ALBERT KEYSER
Ce portrait d’Albert Keyser a été réalisé à partir de nombreuses sources ou témoignages. Le but est de remplacer les biographies un peu sèches des dictionnaires, réalisées par les historiens ou les associations par un portrait plus sensible, plus proche, plus humain.
Il servira, je crois, à nos rapprocher davantage de ces hommes et femmes qui ont sacrifié leur vie pour nos libertés. Il est encore temps de le faire pour tous les autres. C’est, certes, un long travail, mais oh combien utile.
Albert KEYSER est un résistant français fusillé à Creney (Aube) le 22 février 1944.
Il est issu d’une famille lorraine de Saulnes (Meurthe et Moselle) le 4 février 1902. Son père, Jean-Baptiste Keyser, est ouvrier mineur de fer, sa mère, Marie-Justine Dupont, est déclarée sans profession. Son acte de naissance comporte une curieuse note manuscrite : « fusillé par les boches », témoignage sans doute d’un patriote qui venait consulter l’état-civil et qui ne trouvait pas assez explicite la transcription du décès. Cette transcription est par ailleurs inexacte puisqu’Albert Keyser est déclaré « décédé à Troyes » alors qu’il est mort à Creney.
Mécanicien de formation, il s’installe dans l’Aube et gère un garage à Buchères (1) 19, route de Maisons-Blanches, garage qui fait également office d’entreprise de transport, ce qui s’avérera bien utile par la suite pour son activité résistante. Il est également propriétaire d’un café, attenant au garage, celui que tiendra son épouse encore longtemps après la guerre (2). L’occupation de la France le révolte. Il a la fibre anti-allemande, sans doute du fait de son origine lorraine. Il entre tôt dans un groupe de Francs-Tireurs et Partisans Français (FTPF), organisé dans la région vaudoise, autour de Saint-Parres-les-Vaudes. C’est le groupe Gabriel Péri, du nom d’un journaliste communiste, fusillé au Mont Valérien. Initié par Michel Freud, dirigeant départemental du F.N. (3) qui habite Sainte-Savine, ce noyau d’une dizaine de militants va se montrer très efficace dans sa lutte contre les occupants (4). Il est dirigé par Georges Furier, 27 ans, directeur de la coopérative agricole de Saint-Parres,
Ces militants se spécialisent dans les sabotages et les parachutages. Ils recueillent, par exemple, à l’été 1943 de nombreux containers d’armements qu’ils stockent à la coopérative de Furier puis dans les bois du Bailly (Chauffour-les-Bailly) grâce à André Gaugue, forestier.
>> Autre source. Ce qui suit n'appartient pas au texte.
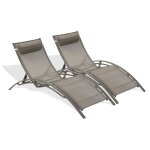 Lot de 2 bains de soleil en aluminium et toile plastifiée cappuccino Lot de 2 bains de soleil en aluminium et toile plastifiée cappuccino
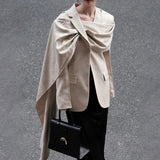 Small Suit Woman 2025 Autumn And Winter New Personality Wear Shawl Design Long-Sleeved Blazer Women's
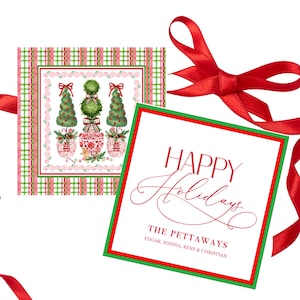 Christmas Gift Tags Personalized Holiday Gift Tags Preppy Chinoiserie Party Favor Grandmillennial Gift Wrap Tags Topiary Party Favor Gifts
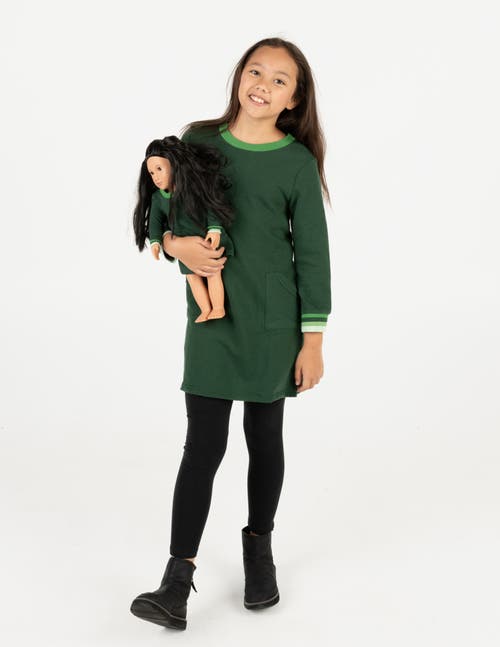 Leveret Girls Sweatshirt Dress With Matching Doll Dress In Green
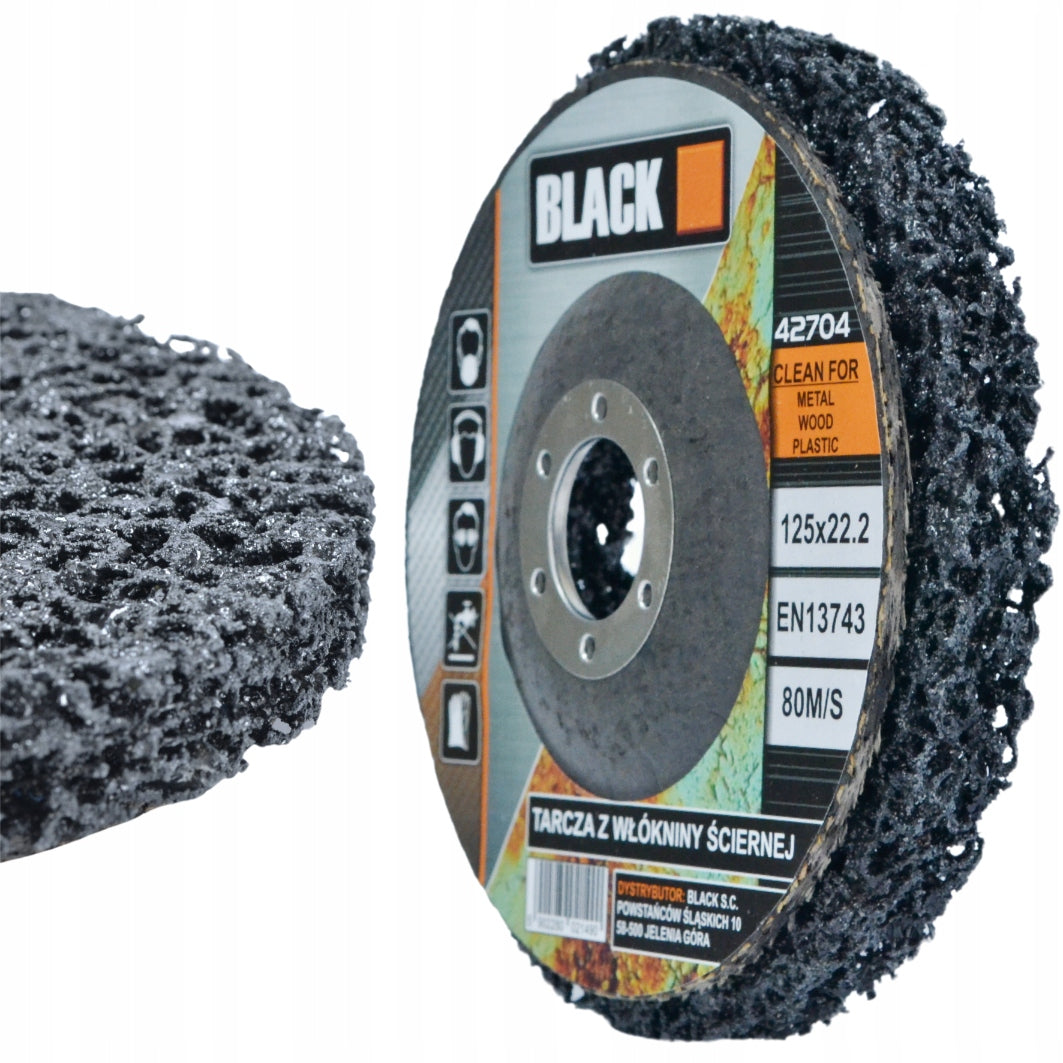 ABRASIVE DISC WIRE BRUSH FOR RUST REMOVAL NONWOVEN METAL INOX 125 BLACK Hole diameter 22,2mm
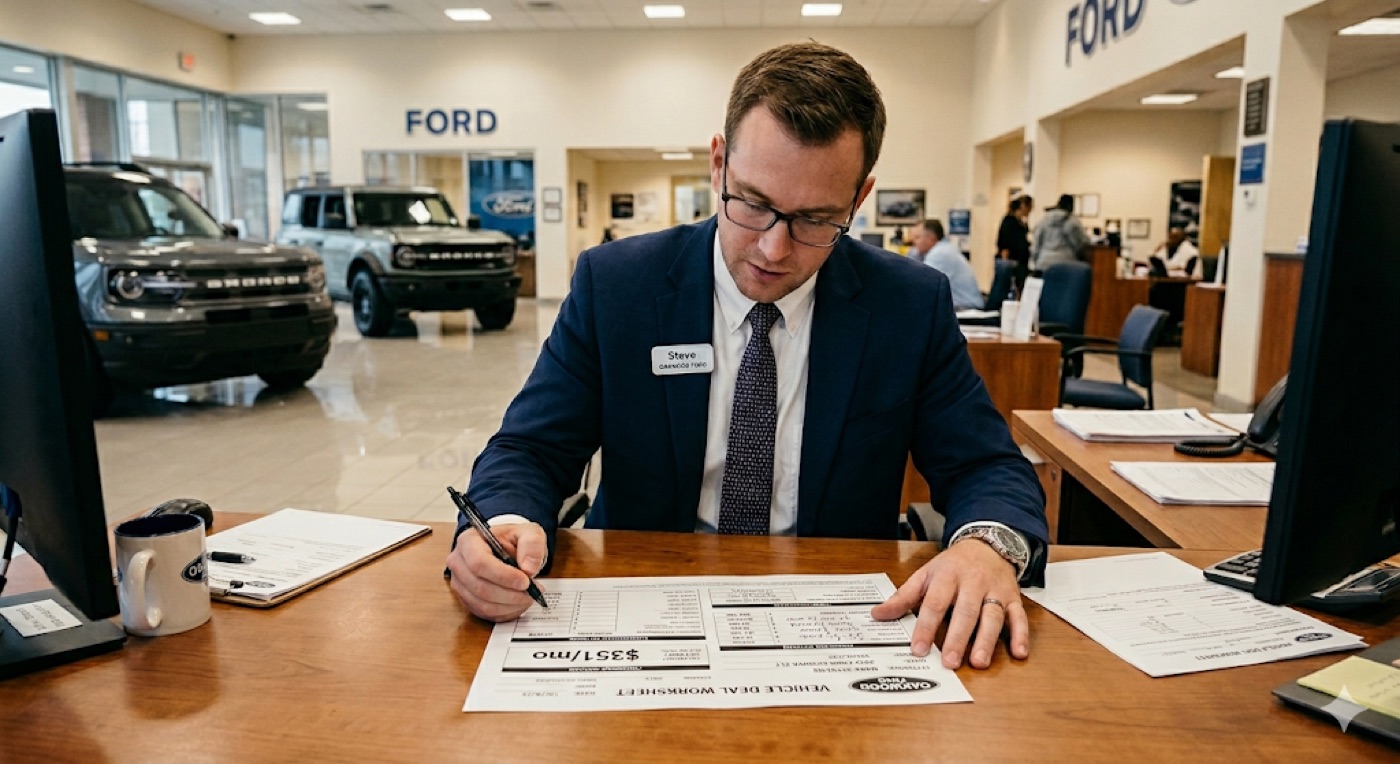 A salesperson at the dealership desk filling out a paper vehicle deal worksheet by hand, vehicles on the showroom floor behind him.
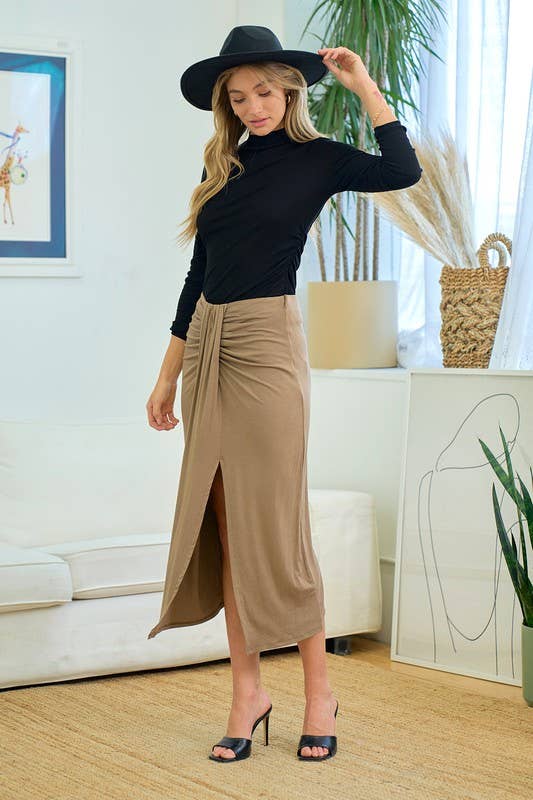 High Waisted Midi Skirt With Knot Detail - 6370S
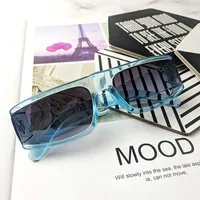 Sunglasses Square Blue Trends 2023 Fashion Women's Sun Glasses Cool Colored Lenses Brand Designer Unusual Shades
Keyser participe en outre au transport des hommes et des armes avec sa camionnette. Il porte assistance à un aviateur américain tombé près de Pont-Sainte-Marie, le 6 septembre 1943. Il lui permet de rejoindre l’Angleterre, via l’Espagne, grâce aux filières mises en place par la Résistance.
D’autres actions sont à mettre au crédit d’Albert Keyser comme le gros parachutage des 21 et 22 septembre qui a lieu au sud de Chamoy, près de Pont-aux-Verriers, qui deviendra un maquis temporaire le 6 juin. Le butin sera caché dans la ferme des époux Ragon à Forêt-Chenu (commune de Saint-Phal). Dans la nuit du 21 septembre, il participe au déraillement d’un train de messagerie sur la voie Paris-Belfort près de Briel-sur-Barse. Des cheminots résistants avaient fourni les tire-fonds capables de déboulonner les rails. Malheureusement, l’arrestation de son co-équipier Fernand Millot en gare de Chalon-sur-Saône, le 1er octobre, casse la belle dynamique du groupe, par ailleurs dénoncé par un certain Georges M. qui fut abattu par la résistance à Saint-Thibault, le 20 août 1944.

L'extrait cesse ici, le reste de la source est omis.